C'est le procès du mensonge, celui d'un homme aux multiples visages enferré dans ses secrets: Cahuzac, le ministre qui bataillait pour le redressement de l'Etat, pendant que "Birdie" avait un compte en Suisse et se faisait livrer du cash dans la rue.
Après une première audience en février et un recours en procédure, le procès devant le tribunal correctionnel de Paris a débuté pour de bon à la mi-journée.
Jérôme Cahuzac, 64 ans, aujourd'hui disparu de la politique, sera jugé jusqu'au 15 septembre pour fraude fiscale, blanchiment et pour avoir "minoré" sa déclaration de patrimoine en entrant au gouvernement en mai 2012.
La démission de l'ancienne étoile montante socialiste, en mars 2013, puis ses aveux en avril, ont écorné la "République exemplaire" promise par le socialiste François Hollande pendant sa campagne.
L'ONG Transparency International France estimait lundi qu'avec le recul, "l'affaire Cahuzac aura constitué "un électrochoc salutaire" pour la France, avec la création en 2013 d'un parquet national financier et d'une loi sur la transparence de la vie publique qui impose aux ministres et élus de dévoiler leur patrimoine.
L'ancien ministre est jugé avec son ex-épouse Patricia Ménard et leurs conseillers, le banquier suisse François Reyl et l'ex-avocat Philippe Houman.

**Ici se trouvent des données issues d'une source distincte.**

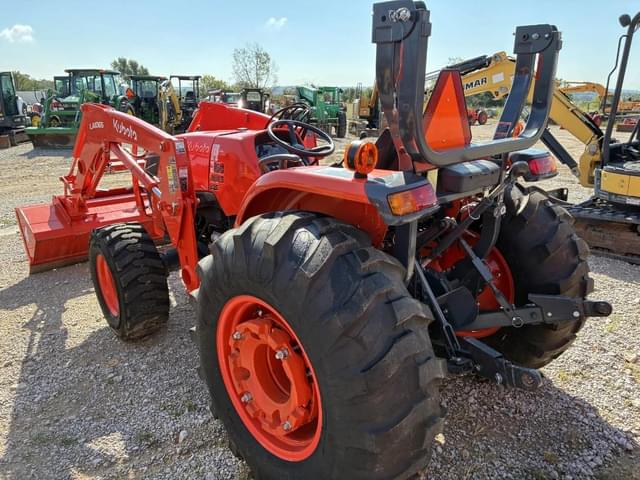 Image of Kubota MX6000HST equipment image 3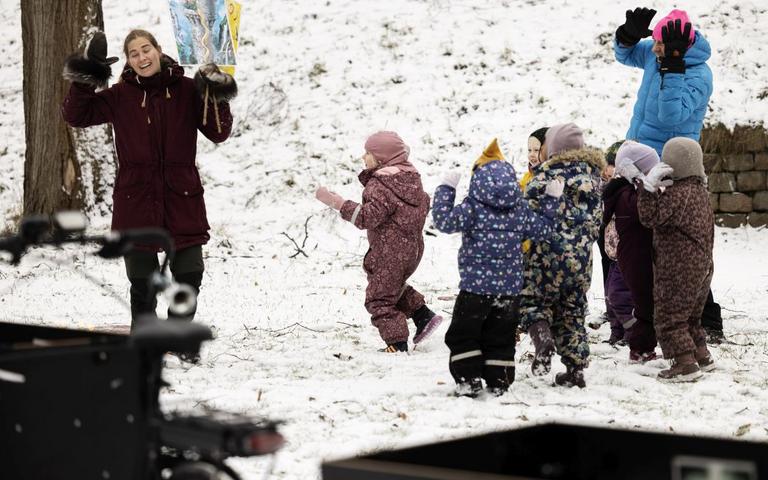 Legepatruljen i Tårnby Kommune er på tur med børn fra Børnehaven Saltværksvej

Ils risquent une peine allant jusqu'à sept ans de prison et un million d'euros d'amende. La discrète banque genevoise Reyl comparaît aussi, comme personne morale.
Les yeux dans les yeux
L'affaire débute en décembre 2012, quand le site d'information Mediapart révèle l'existence d'un compte caché, d'abord en Suisse puis à Singapour, de Jérôme Cahuzac. Le mois suivant, le parquet ouvre une enquête.
Lui dément d'abord formellement détenir des comptes cachés, ment au parlement et au président Hollande, "les yeux dans les yeux". Avant d'avouer partiellement, puis d'être confondu par la justice.Celle-ci fait apparaître les mécanismes d'une fraude fiscale "obstinée", "sophistiquée" et "familiale".

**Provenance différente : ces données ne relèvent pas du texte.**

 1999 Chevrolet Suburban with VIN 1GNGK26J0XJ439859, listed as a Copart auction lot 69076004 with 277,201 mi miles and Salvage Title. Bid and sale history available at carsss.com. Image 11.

A l'origine de cette entreprise, Jérôme Cahuzac, chirurgien de formation, et sa femme dermatologue qui ont tenu ensemble une florissante clinique spécialisée dans les implants capillaires avant de se séparer.
Au début des années 90, l'argent coule à flot, entre les règlements des riches patients de la clinique et les lucratives activités de conseil de Jérôme Cahuzac qui, après un passage au ministère de la Santé, propose son expertise à des laboratoires pharmaceutiques.

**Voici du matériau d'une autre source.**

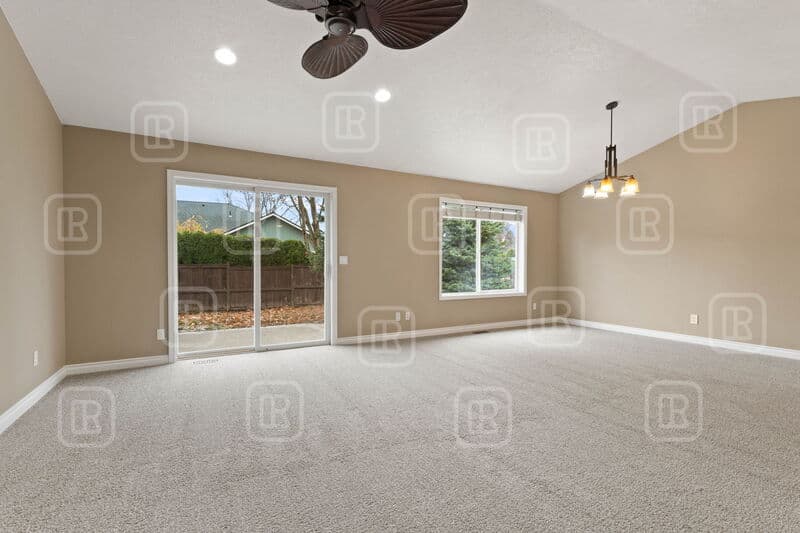 Hayden House: 8311 North Parkside Drive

Un premier compte est ouvert par un "ami" en 1992 à UBS, puis un autre au nom de Cahuzac lui-même l'année suivante. En 1998, tous les avoirs sont transférés chez Reyl.Quand le secret bancaire suisse commence à se fissurer en 2009, les 600.000 euros que détient Jérôme Cahuzac prennent la route de Singapour, en faisant un détour par une société-écran panaméenne puis une autre aux Seychelles, un montage réalisé avec l'aide d'un intermédiaire basé à Dubaï.
Mme Cahuzac a elle choisi la Royal Bank of Scotland sur l'île de Man pour déposer des chèques de patients anglais, avant d'ouvrir son propre compte en Suisse, sur fond de brouille avec son époux.Même les comptes de la mère de l'ex-ministre serviront à "blanchir" les chèques de clients de la clinique. L'argent a payé des vacances à l'Ile Maurice ou des appartements aux enfants à Londres.
A l'ouverture du procès en février, "le Pinocchio de Bercy" s'était présenté comme simple "retraité", après avoir essuyé les quolibets de badauds venus le traiter de "menteur". Un homme "brisé" pour ses proches, mais jamais loin du déni, qui expliquait encore en 2014 que "l'erreur de sa vie" avait été d'entrer au gouvernement.
Lundi, fuyant curieux et caméras, il s'est glissé par une porte dérobée dans la salle d'audience.